Initialize the Experience Replay Memory

In [4]:
class ReplayBuffer(object):
  def __init__(self, max_size=1e6):
    self.storage =[]
    self.max_size = max_size
    self.prt = 0

  def add(self, transition):
    if len(self.storage) == self.max_size:
      self.storage[int(self.ptr)] = transition
      self.prt = (self.ptr + 1) % self.max_size
    else:
      self.storage.append(transition)

  def sample(self, batch_size):
    ind = np.random.randint(0,len(self.storage),batch_size)
    batch_states, batch_next_states, batch_actions, batch_rewards, batch_dones = [],[],[],[],[]
    for i in ind:
      state,next_state,action,reward,done =self.storage[i]
      batch_next_states.append(np.array(next_state,copy=False))
      batch_actions.append(np.array(action,copy=False))
      batch_rewards.append(np.array(reward,copy=False))
      batch_dones.append(np.array(done,copy=False))
    return np.array(batch_states), np.array(batch_next_states), np.array(batch_actions), np.array(batch_rewards).reshape[-1,1], np.array(batch_dones).reshape[-1,1]

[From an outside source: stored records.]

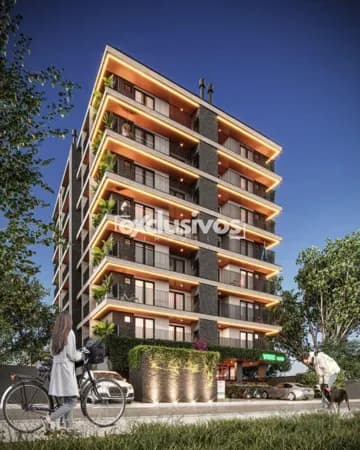Apartamento Double Studio de 47m² privativos no Residencial Vibe no Bucarein, Joinville/SC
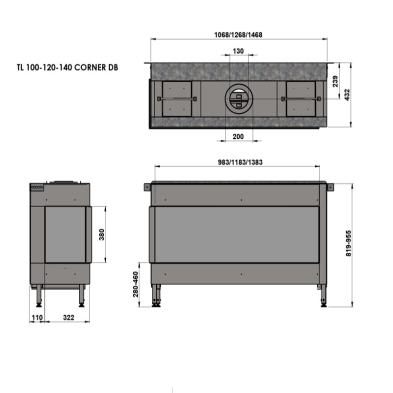 TRIMLINE 100 CORNER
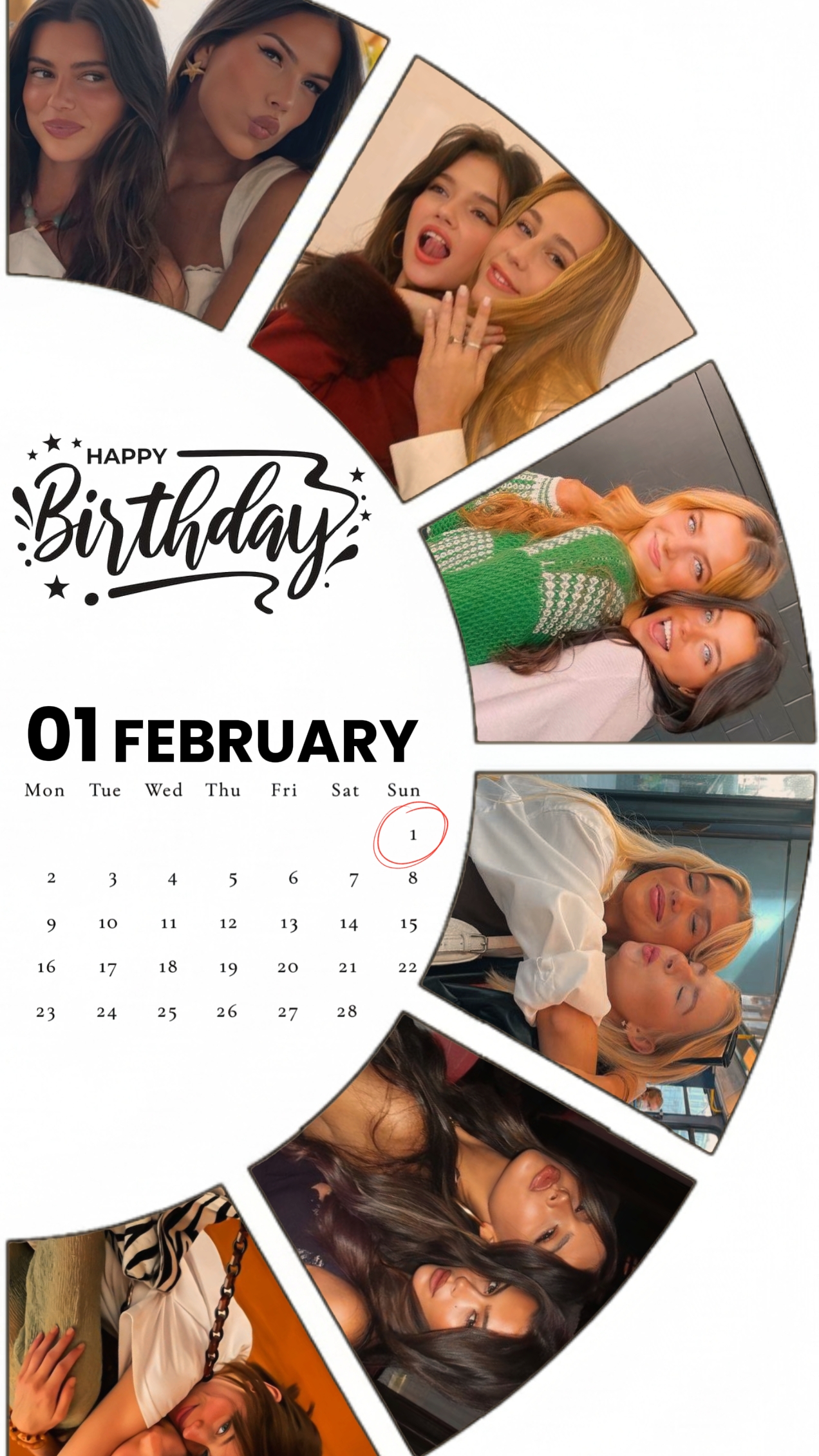 01 de febrero Cumpleaños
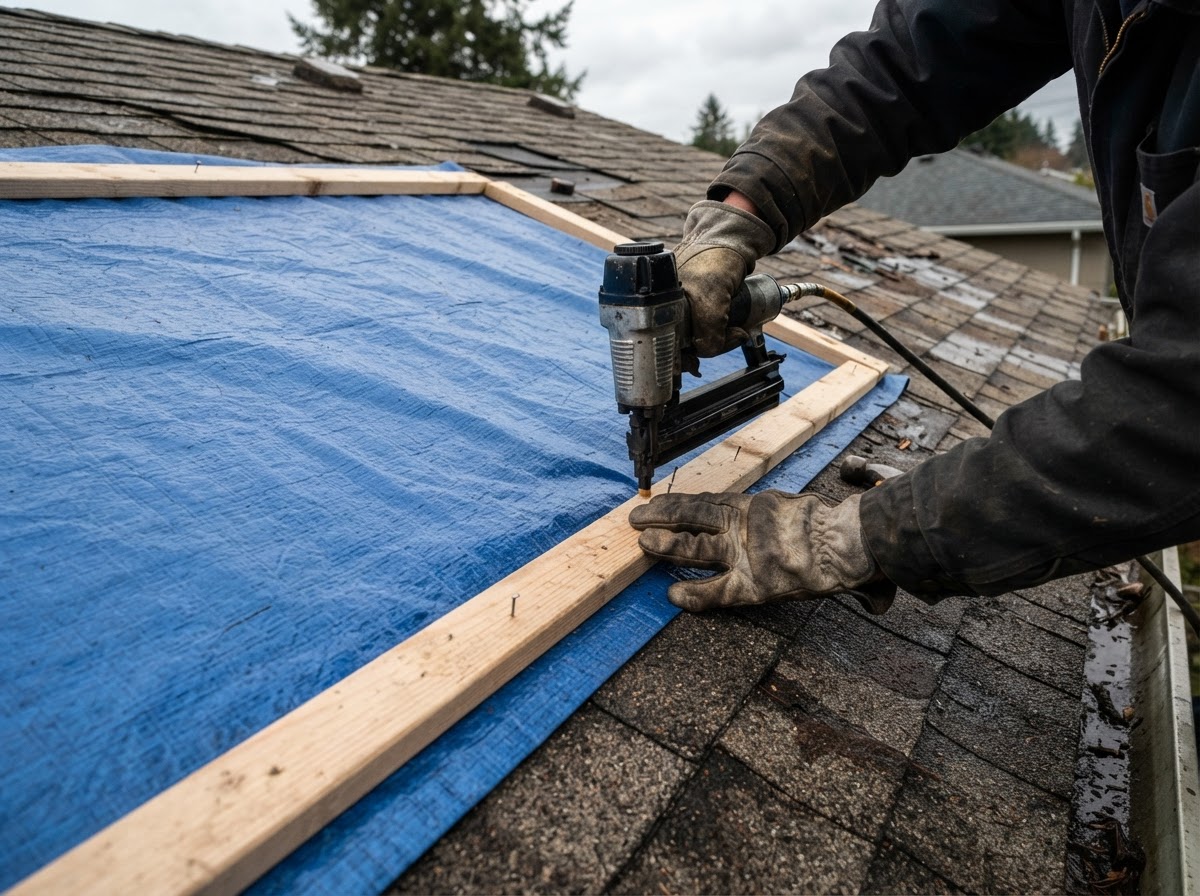 Roof Tarping And Emergency Covering in Conroe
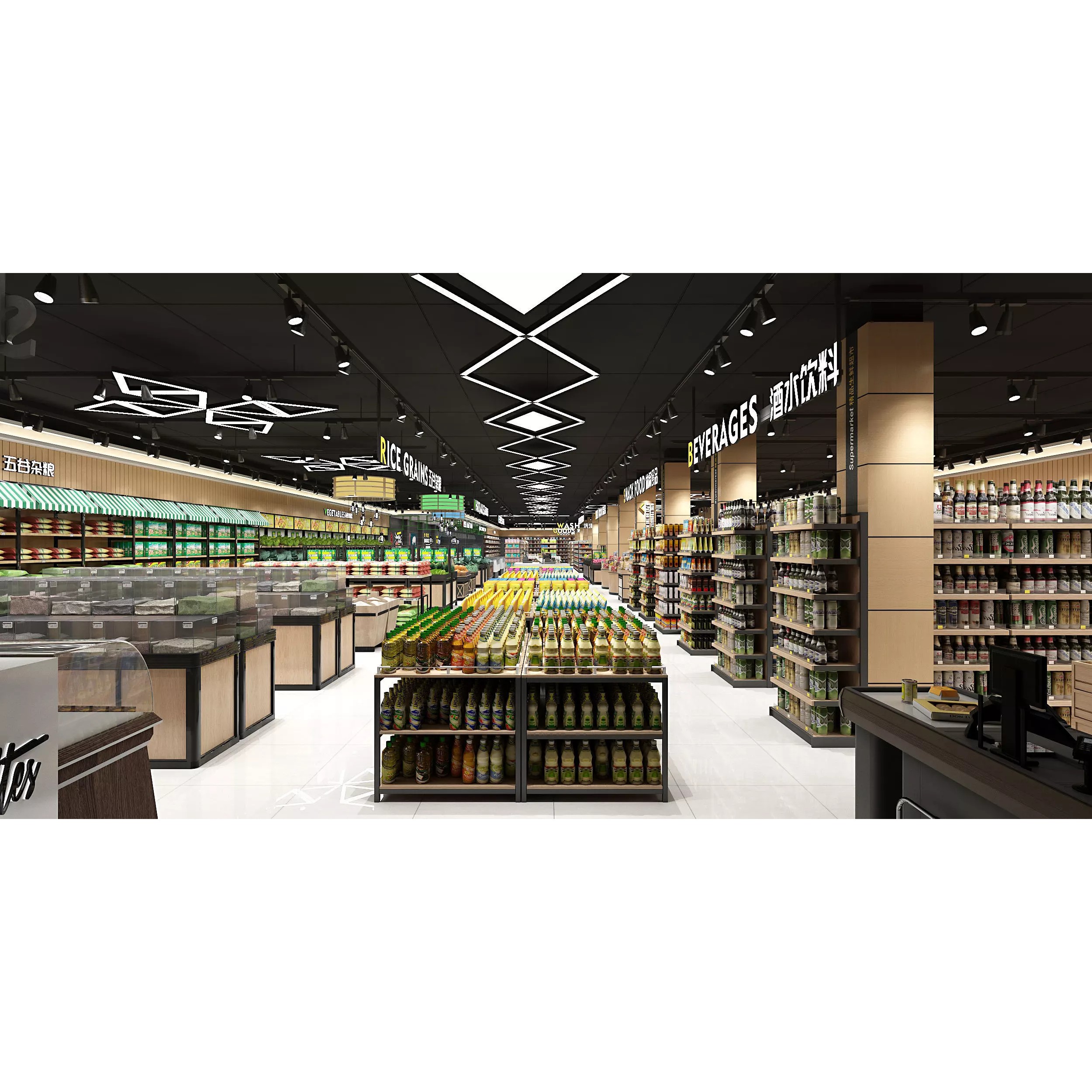 Supermarket Interior - Game-Ready 3D Model - View 2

### Actor|Critic Model/Target
This can be improved a better supper class

In [7]:
class Actor(nn.Module):
  def __init__(self, state_dim, action_dim,max_action):
    hiden_layer_in,hiden_layer_out  = 400,300
    super(Actor, self).__init__()
    self.layer_1 = nn.Linear(stat_dim, hiden_layer_in)
    self.layer_2 = nn.Linear(hiden_layer_in,hiden_layer_out)
    self.layer_3 = nn.Linear(hiden_layer_out,action_dim)
    self.max_action = max_action

  def forward(self, x):
    x = F.relu(self.layer_1(x))
    x = F.relu(self.layer_2(x))
    x = self.max_action * torch.tanh(self.layer_3(x))
    return x

class Critic(nn.Module):
  def __init__(self, state_dim, action_dim,):
    hiden_layer_in,hiden_layer_out  = 400,300
    super(Critic, self).__init__()
    self.layer_11 = nn.Linear(stat_dim, hiden_layer_in)
    self.layer_12 = nn.Linear(hiden_layer_in,hiden_layer_out)
    self.layer_13 = nn.Linear(hiden_layer_out,1)
    
    self.layer_21 = nn.Linear(stat_dim, hiden_layer_in)
    self.layer_22 = nn.Linear(hiden_layer_in,hiden_layer_out)
    self.layer_23 = nn.Linear(hiden_layer_out,1)

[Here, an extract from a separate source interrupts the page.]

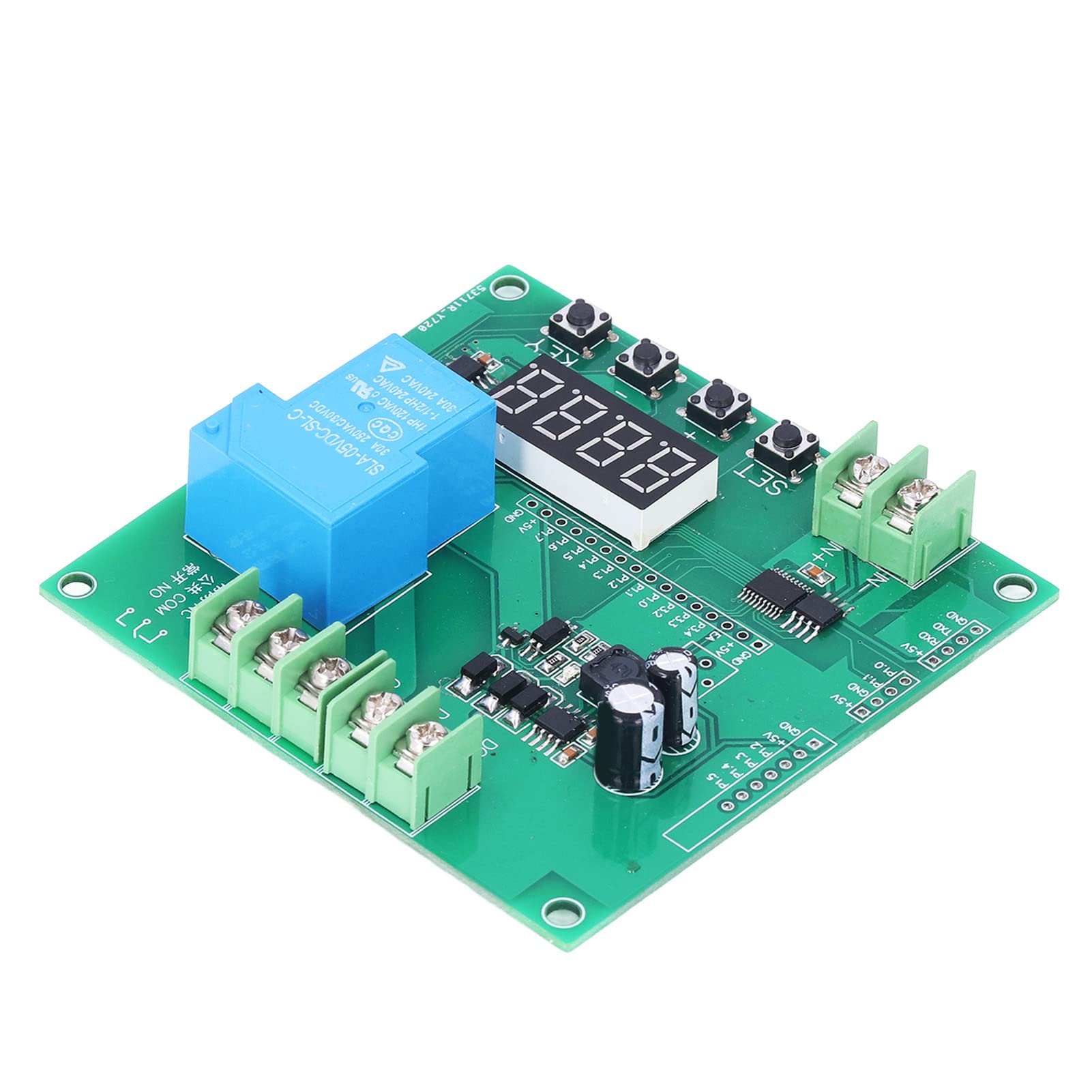 Temperature Controller Board, K Type, Thermocouple Module Temperature Detection Control Relay Module Serial Output Within 30A Switch, for High Temperature Places, K Type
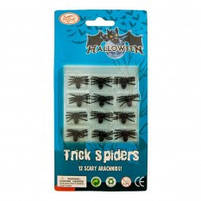 Набір "Павуки", 12 шт, Хелловін, Декоративные пауки для хэллоуина, фото 2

  def forward(self, x, u):
    xu = torch.cat([x,y],1)

    x1 = F.relu(self.layer_11(xu))
    x1 = F.relu(self.layer_12(x1))
    x1 = self.layer_13(x1)

    x2 = F.relu(self.layer_21(xu))
    x2 = F.relu(self.layer_22(x2))
    x2 = self.layer_23(x2)
    return x1, x2  

  def Q1(self, x, u):
    xu = torch.cat([x,y],1)

    x1 = F.relu(self.layer_11(xu))
    x1 = F.relu(self.layer_12(x1))
    x1 = self.layer_13(x1)
    return x1

Training

In [8]:
# selecting the device (CPU or GPU)
device = torch.device("cuda" if torch.cuda.is_available() else "cpu")
# build the whole training proccess into a class
class TD3():
  def __init__(self, state_dim, action_dim,max_action):
    self.actor = Actor(state_dim, action_dim,max_action).to(device)
    self.actor_target = Actor(state_dim, action_dim,max_action).to(device)
    self.actor_target.load_state_dict(self.actor.state_dict())
    self.actor_optimizer = torch.optim.Adam(self.actor.parameters())

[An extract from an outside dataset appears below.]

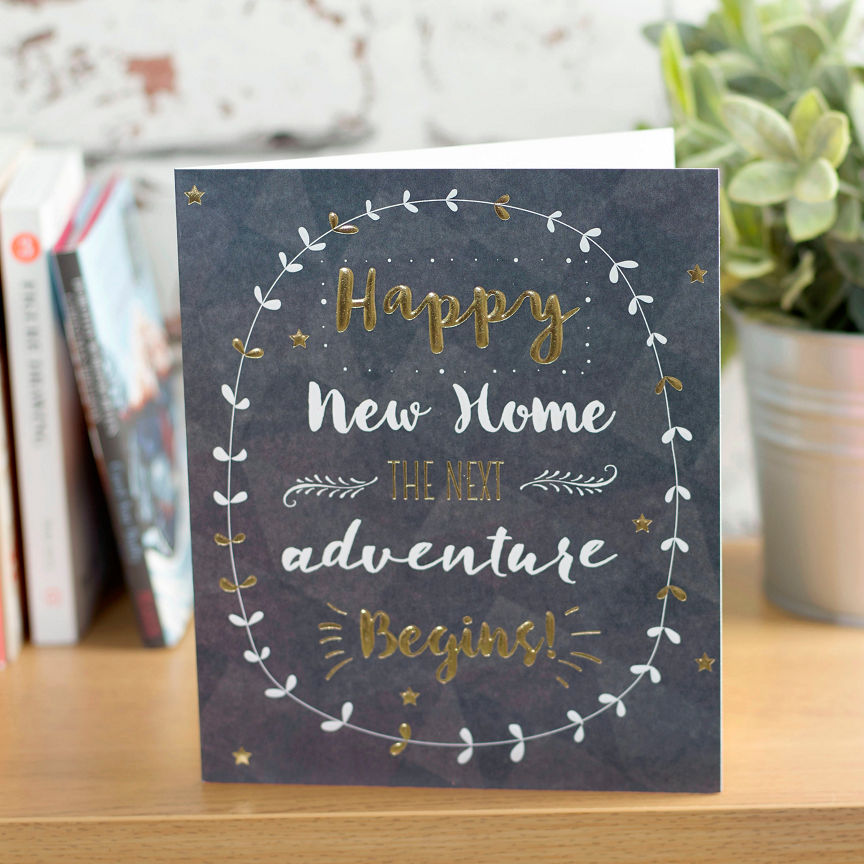 UK Greetings New Home Typographic New Home Card General Household ASDA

    self.critic = Critic(state_dim, action_dim).to(device)
    self.critic_target = Critic(state_dim, action_dim).to(device)
    self.critic_target.load_state_dict(self.critic.state_dict())
    self.critic_optimizer = torch.optim.Adam(self.critic.parameters())

    self.max_action = max_action

  def select_action(self, state):
    state = torch.Tensor(state.reshape(1,-1)).to(device)
    return self.actor(state).cpu().data.numpy.flatten()

  def train(self, replay_buffer, iteration, batch_size=100, discount=0.99, tau=0.005, policy_noise=0.2, noise_clip=0.5, policy_freq=2):
    for it in range(iteration):
      # Resample batch of transitions
      batch_states,batch_next_states,batch_actions,batch_rewards,batch_dones = replay_buffer.sample(batch_size)
      state = torch.Tensor(batch_states).to(device)
      next_state = torch.Tensor(batch_next_states).to(device)
      action = torch.Tensor(batch_actions).to(device)
      reward = torch.Tensor(batch_rewards).to(device)
      done = torch.Tensor(batch_dones).to(device)

      # From the next state s', the Actor target plays to the next action a'
      next_action = self.actor_target.forward(next_state)